GELÖST: UMTS-Stick mit WLAN-Router gemeinsames Internet

Hallo, das ist meine Konfiguration.

+ 1x Umts-Stick (verbunden mit USB am PC) 

+ 1x PC

+ 1x WLAN Router DD-WRT firmware (angeschlossen mit LAN Kabel am PC, 1.Netzwerkanschluss) - KEIN USB ANSCHLUSS VORHANDEN

+ 1x Laptop (mit WLAN verbunden)

Was muss ich tun, damit ich mit dem Laptop, über den umts-Stick, der mit usb am pc hängt, ins internet komme?





			Dieser Inhalt steht nur eingeloggten Mitgliedern zur Verfügung.
        


Alles so verkabelt wie hier auf dem Bild gezeigt wird. (Cat5e nicht mit Cat6 mischen, war mein Problem)

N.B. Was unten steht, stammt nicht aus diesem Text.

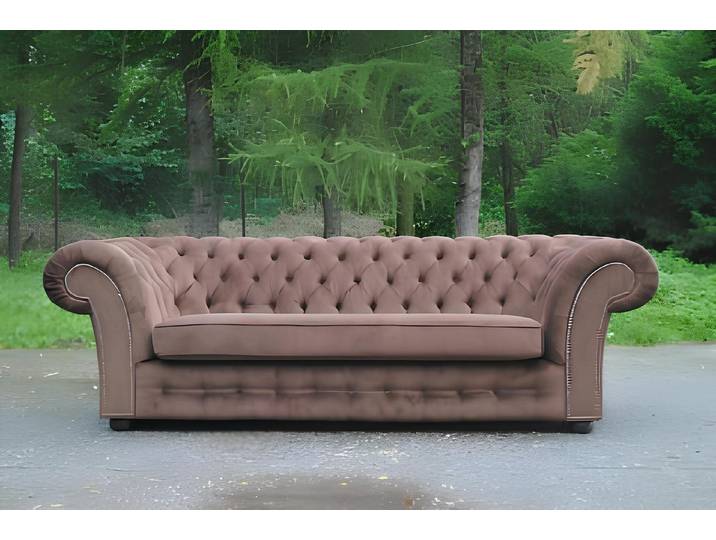 Xlmoebel Chesterfield-Sofa Beiges Stoffsofa im modernen Chesterfield-Stil, Sofa, Hergestellt in Europa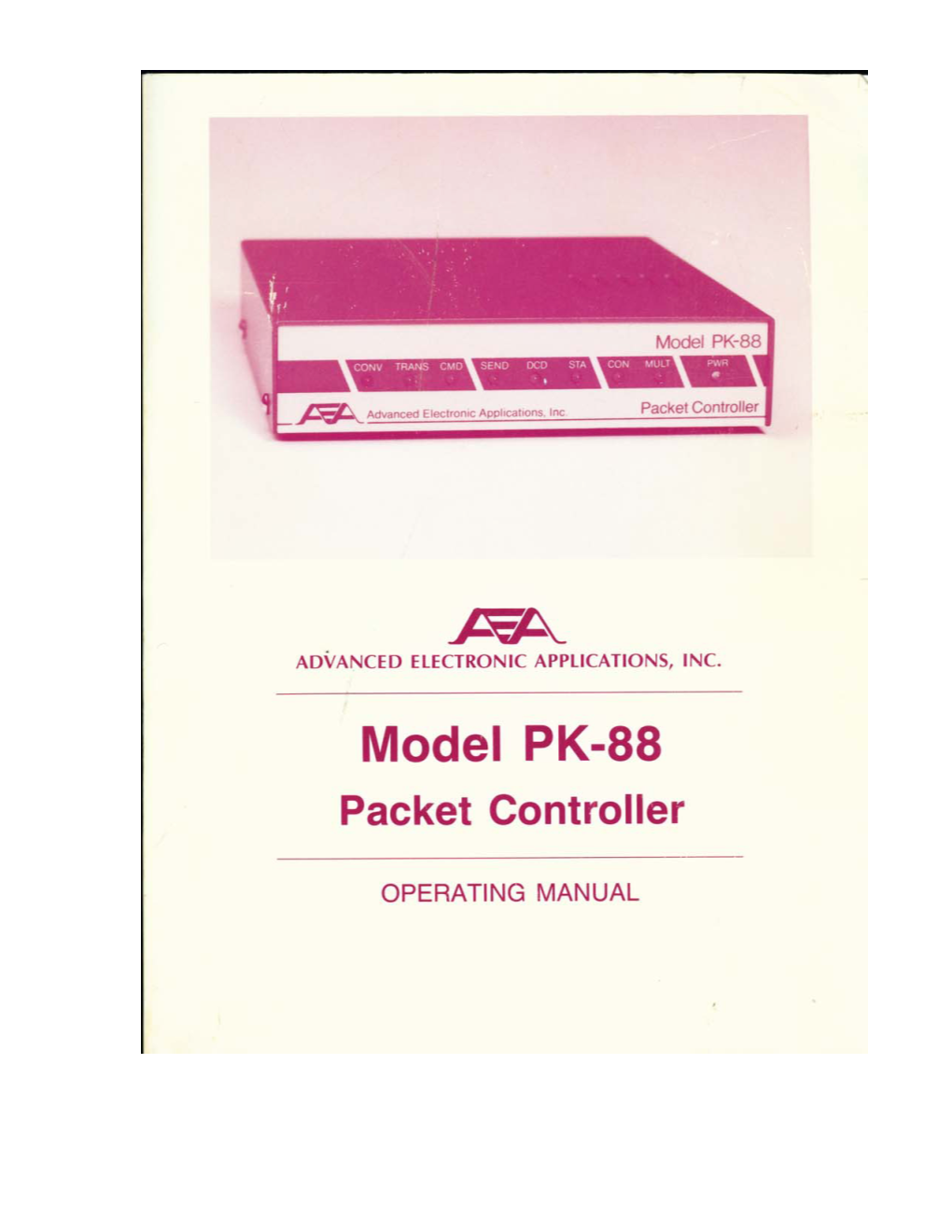 Pk-88 Packet Controller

Netzwerk & Freigabe center öffnen -> Adaptereinstellungen ändern  (links oben) -> Mobile Breitbandverbindung rechtsklicken und  eigenschaften wählen -> Freigabe -> anderen Benutzern im Netzwerk  gestatten, diese Verbindung des Computers als Internetverbindung zu  verwenden -> OK

Bei allen netzwerkverbindungen "IP-Adresse automatisch beziehen"

Fertig! 

Bei weiteren Fragen, stehe ich euch gerne zur Verfügung, weil ich weiß, dass es fuchsen kann.

Lg und viel Erfolg


----------



## Sp3cht (24. Februar 2012)

*AW: UMTS Internet mit WLAN-Router*

Gelöst !!!


----------